Retirement and Divorce - Are Paid Health Insurance Premiums An Asset?
[A]ll the assets of either party or both parties, including:
(1) a present right to withdraw pension or retirement benefits;
(2) the right to receive pension or retirement benefits that are not forfeited upon termination of employment or that are vested (as defined in Section 411 of the Internal Revenue Code) but that are payable after the dissolution of marriage; and
(3) the right to receive disposable retired or retainer pay (as defined in 10 U.S.C. 1408(a)) acquired during the marriage that is or may be payable after the dissolution of marriage.See Ind. Code § 31-9-2-98(b).
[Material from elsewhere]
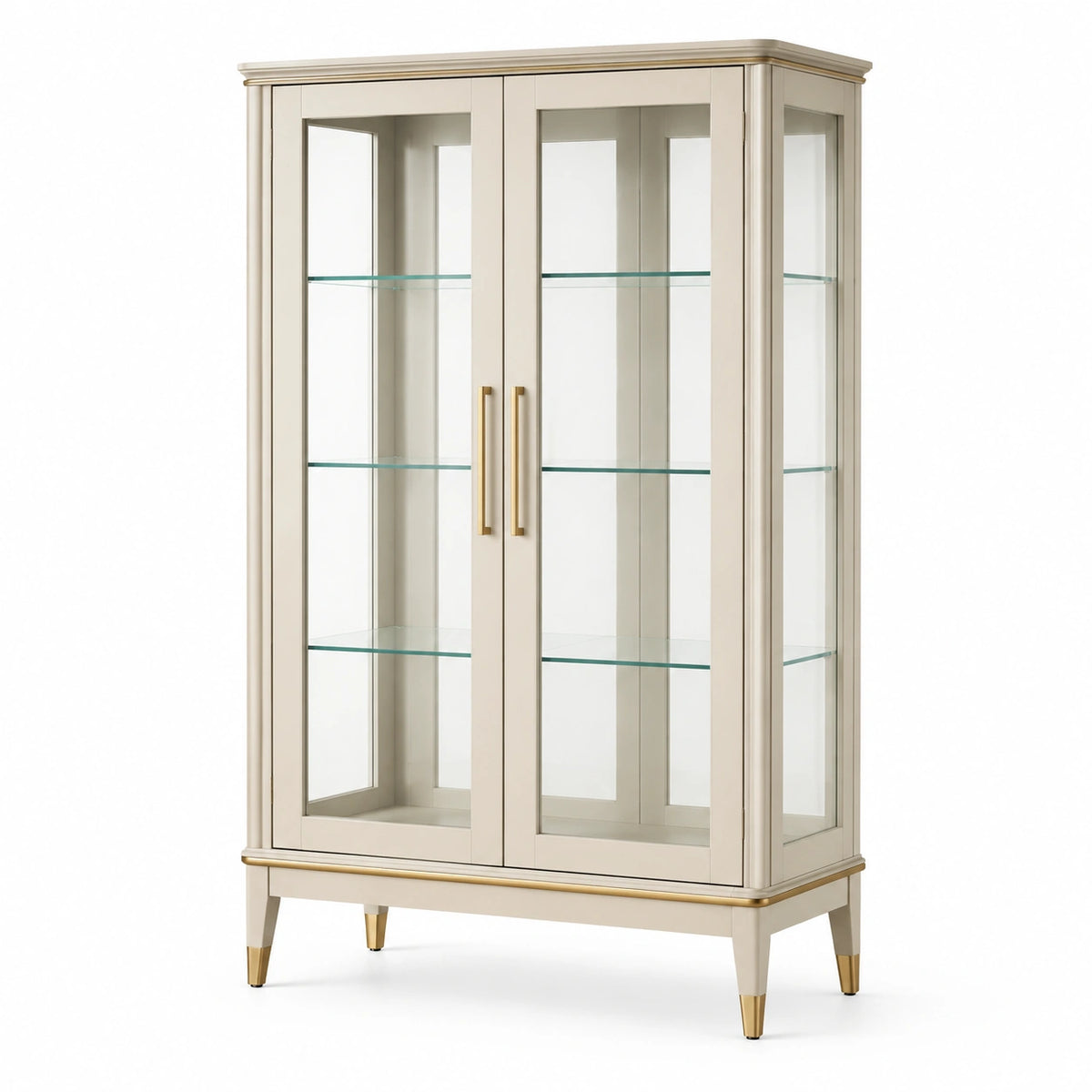 Vitrine in Creme und Gold mit Glastüren, 100 × 45 × 180 cm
In a recent Court of Appeals case, the question was whether a benefit that caused Husband's post-retirement health insurance premiums to be paid is an asset of the marriage and subject to division by the court. The answer is, no, but the interesting part of the question is why the court found this way. It is important to know the benefit was paid directly to the insurance provider, not to the Husband. The COA explained that since the benefit was not payable to the Husband and as he could not elect to receive cash or some other benefit in lieu of the premium payments, the benefit was non-elective and not subject to division.
Had the Husband received the premium payment directly, as a payment for him to pay his health insurance premiums, then the court would likely have held otherwise.
However, a concurring opinion noted that the benefit could be properly considered as future income and be treated in same manner as evidence of future earning ability. In this regard, while the benefit could not be considered to be an asset of the marriage, it could be considered in the determination of how the assets should be split.